Wednesday, November 4, 2009

Competitive Intelligence and the Balanced Scorecard Methodology

Popularized in the early 1990s by Robert Kaplan and David Norton, the Balanced Scorecard methodology (BSC) is a system of interdependent, strategically derived goals, measures, and activities that summarize a corporation, its strategy and its actions. Said another way, the BSC methodology is an integrative instrument for strategy execution comprised of a communication system, a measurement system, and a management system. The BSC helps an organization translate its often vague and easily misunderstood mission and vision statements into specific, results-oriented actions. Doing so engenders transparency, responsibility, and accountability within the organization with a view towards creating satisfied shareholders and customers, effective and efficient processes, and a motivated and engaged workforce aligned with the company’s strategic goals and objectives.

If one of the goals of a company’s competitive intelligence function is to inject intelligence into the strategic plans of the organization, it is important to position competitive intelligence as a critical component of the company’s balanced scorecard initiative. Because the initial stage of the BSC model requires that the organization identify specific strategies, measures of success, goals and targets, and activities required to reach those targets, positioning CI as an important component of organizational success is important.

For example, assume that an organization has identified four strategic goals: improving revenue mix, creating a “cutting edge” image for its customers, becoming the leader in industry research and development, and improving operational capabilities. In this organization, competitive intelligence can help evaluate competitor channel and promotion strategies, helping the organization optimize its revenue mix. CI can also help monitor and evaluate customer perceptions of the company compared to its competition, as well as identify competitor product pipelines so that the firm keeps on top of competitive research developments. Finally, CI can also help the organization evaluate the production efficiencies of its competitors to help the company establish operational baselines.

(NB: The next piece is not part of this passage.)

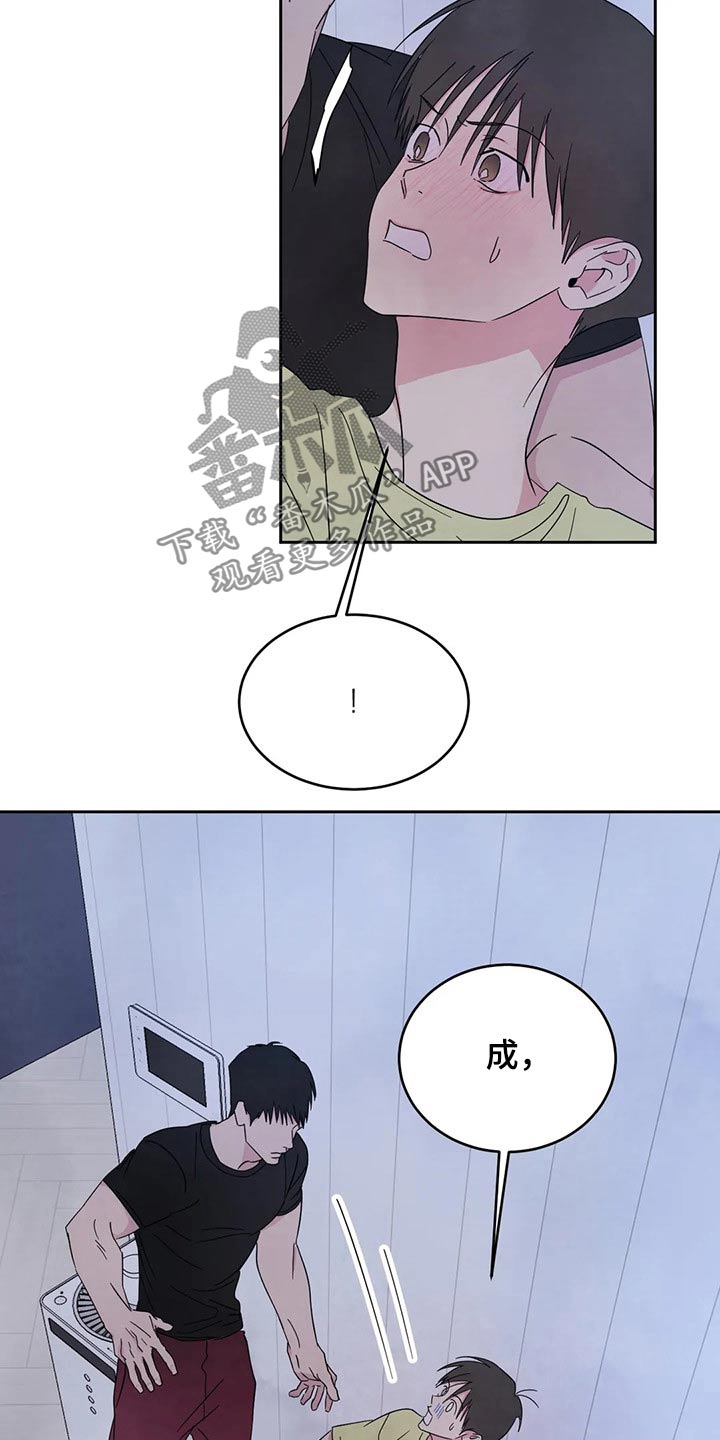 第102章：【第二季】说清楚14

Competitive intelligence frequently supports the development of strategy in an organization, but if management fails to realize that CI can help the organization achieve its strategic objectives, then the organization is only realizing half the potential value of competitive intelligence. By integrating CI findings and outputs into the application of the BSC methodology can forge a stronger link between CI and the strategic success of the company. The Balanced Scorecard methodology thus provides a framework to measure the contribution and value of competitive intelligence in not just helping set strategy, but also from the company’s ability to meet specific strategic goals and objectives.